A graph’s title is short, clear, and direct. You won’t have a lot of problems determining what it means.
2. Take a good look at the keys
It’s not a good idea to write what each symbol or color means on the actual graph. Doing that will just make it look too crowded and overwhelming.
Instead of writing on the actual graph, people write signs, symbols, and colors in a box next to the graph. You can take a look at it to determine what each symbol means.
Sometimes, instead of keys, colors are used to represent data. If that is the case, look for a key that tells what each color means.
There are online tools that make creating and interpreting data in graphs easier and faster. Venngage, for example, has templates you can use when you have to make science data tables and graphs.
3. Read the labels
Proper labeling will tell you what parameters or variables are being shown. For example, on a line graph that shows the number of plants sold in a specific month, the x-axis can be used to show the days of the month. On the other hand, the y-axis may be used to tell the number of plants sold.
In the case of a circle chart, the percentage of the circle may show the number of plants sold by colors in a specific month. For example, 50% of the plants may be green, 30% are blue, and 20% are yellow.
4. Take a look at the measurements
Measurement scale is a critical part of the data collection process. It’s equally important in analysis and presentation, too.
Take note that there are 4 types of variables- nominal, ordinal, discrete, and continuous. Each of these variables has different applications.
Nominal and ordinal variables are considered qualitative data. They typically show the properties or qualities of the data. Usually, they are represented by a number code, name or symbol.

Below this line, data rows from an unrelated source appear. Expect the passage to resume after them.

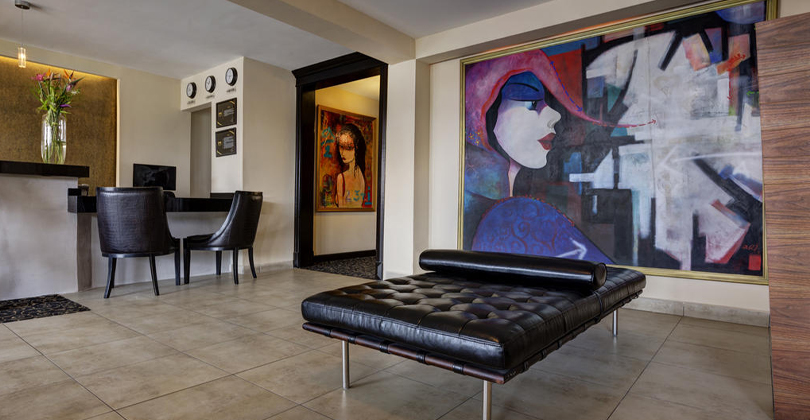 Picture of the lobby of the Costa Rica Medical Center Inn, San Jose, Costa Rica.  The picture shows a large mural on the wall and modern black furniture in the foreground.
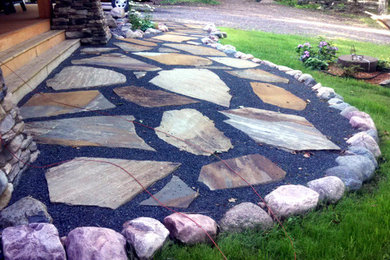 Inspiration for a rustic front yard stone garden path in Other.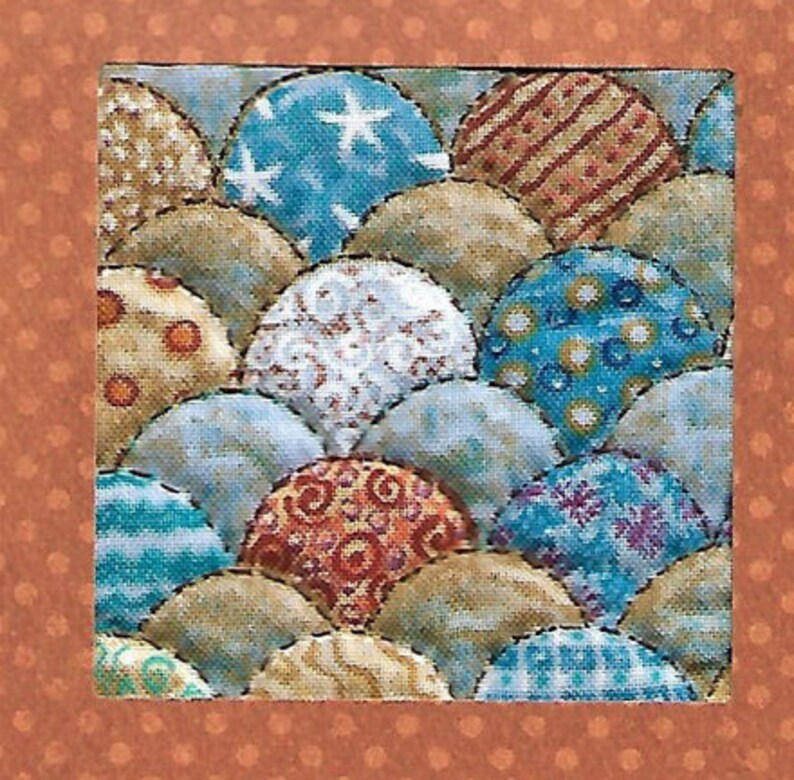May include: A square textile piece featuring a repeating pattern of overlapping, semi-circular shapes. The shapes are filled with various patterns, including stars, stripes, and floral designs, in shades of blue, tan, and red. The border is a solid orange with small white dots.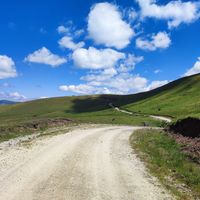 Gravel road through green hills by Esma Yalçın on Pexels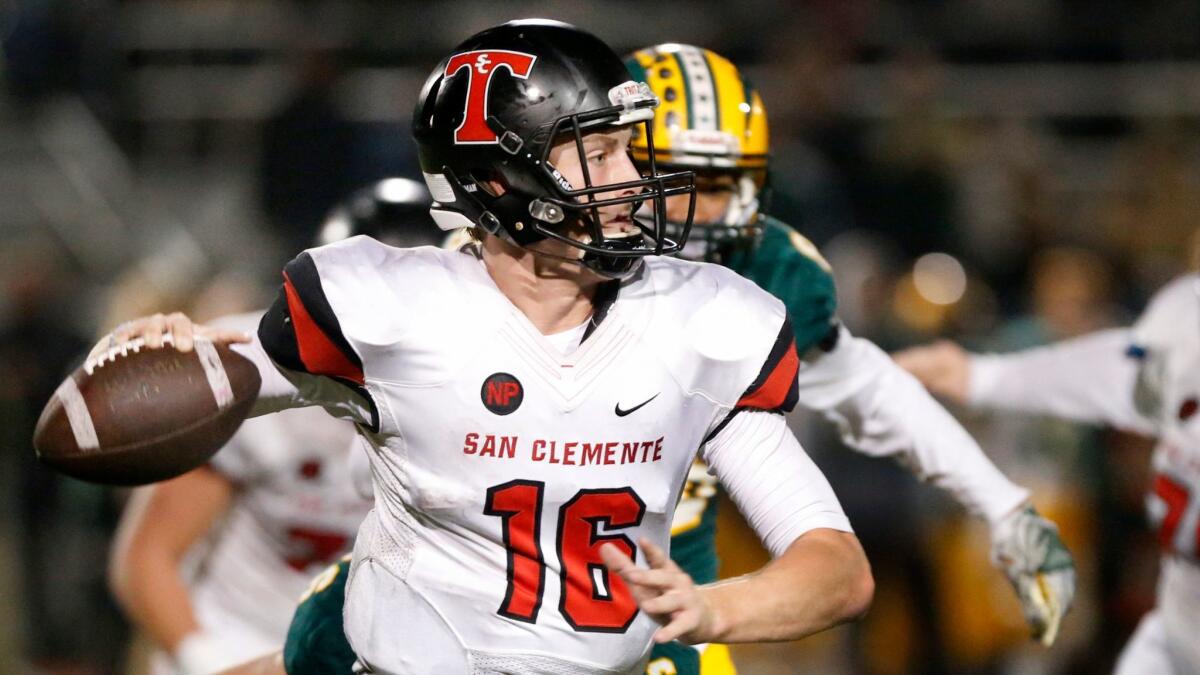 San Clemente quarterback Jack Sears looks to pass against Edison on Dec. 10.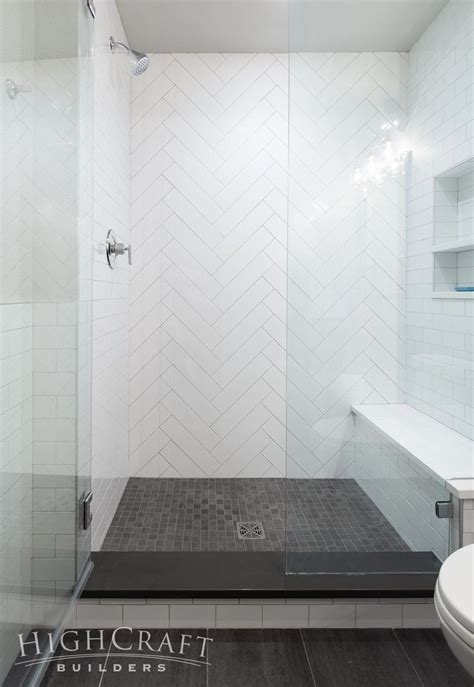 And 4×16 White Subway Tiles Create A Herringbone Accent Wall In The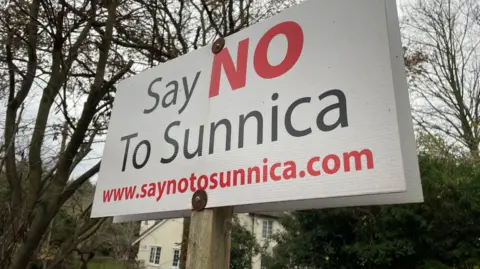 Shaun Whitmore/BBC A sign saying Say No to Sunnica in back and red letters on a white background in front of winter trees and a white house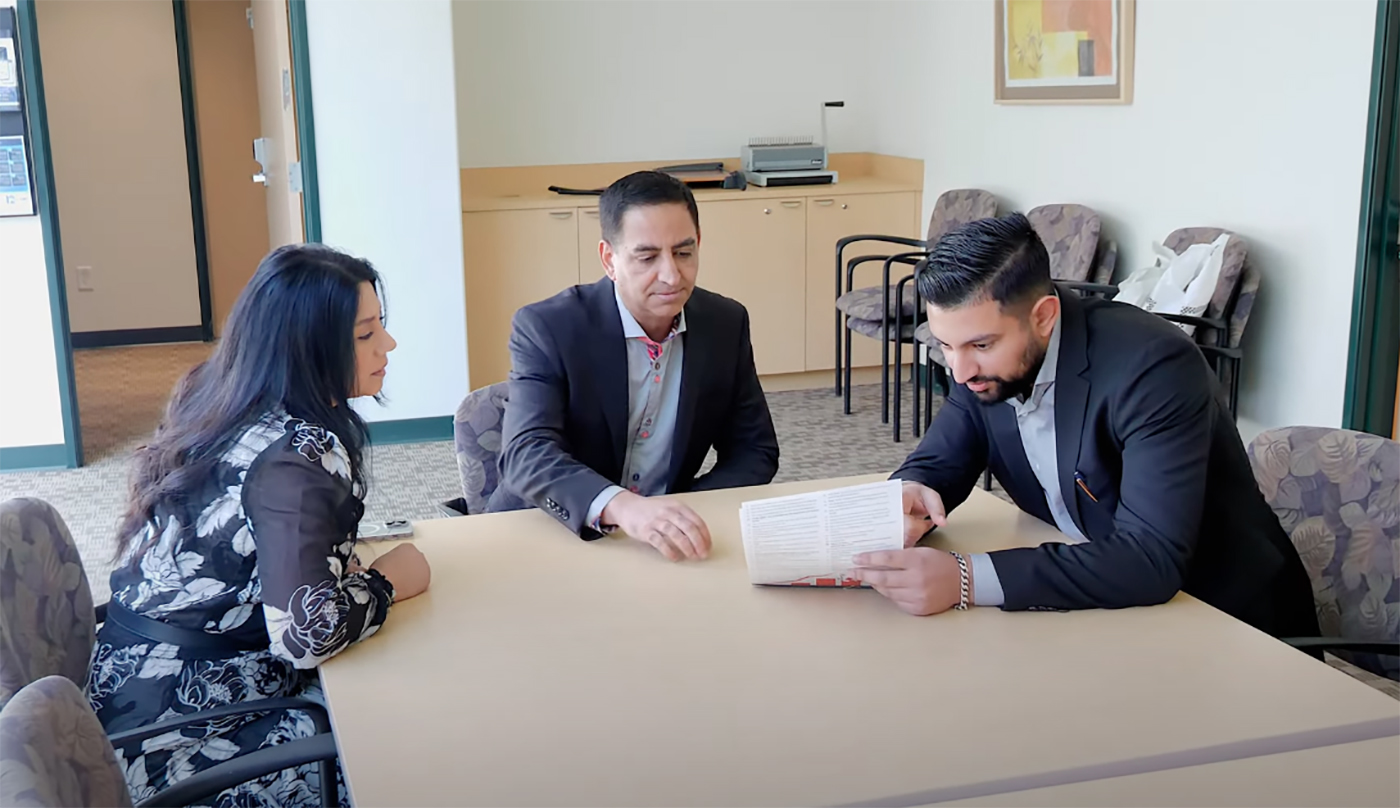  Three people in a conference room sit at a table reviewing a document together, surrounded by office chairs and furnishings.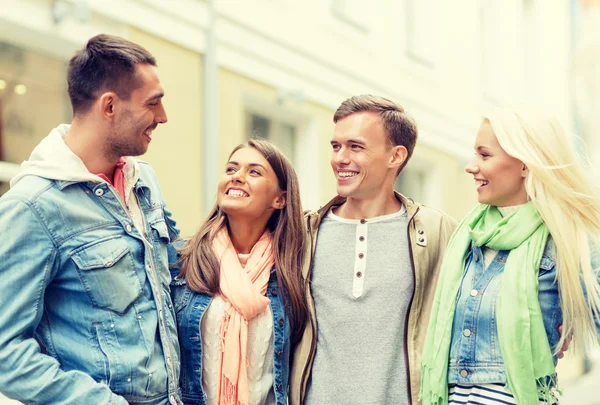 Groep lachende vrienden wandelen in de stad — Stockfoto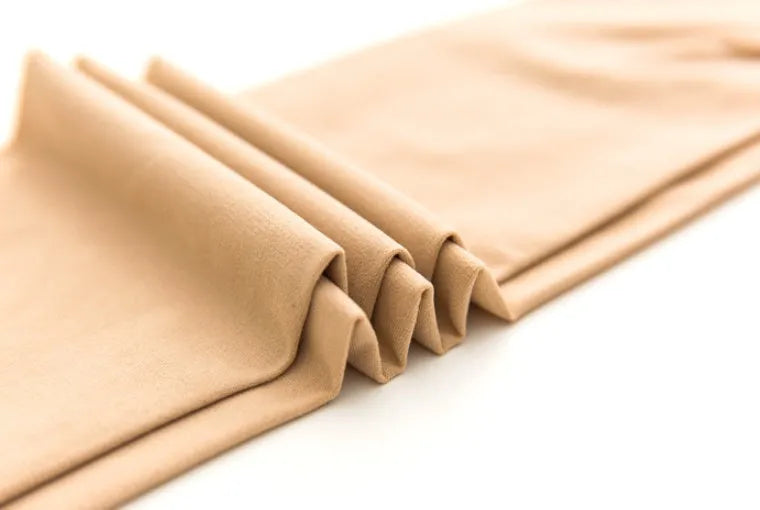 Beige and black lifting hips and abdomen stovepipe socks made from polyester fibre.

Discrete and continuous, on the other hand, are categorized as quantitative data. These are data you’d find expressed in numbers. Good examples are body temperature, age, and blood pressure.
Understanding data type is important for you to analyze data sets using the right statistical methods. It will also help you understand if the data you’re trying to assess in your graphs and charts make sense.
5. Draw your conclusions
Your conclusion should be based on your data and you should be able to draw it faster than you would with a written description.
On a line graph, for example, you can easily see that a specific color rose the highest while the other one rose the lowest.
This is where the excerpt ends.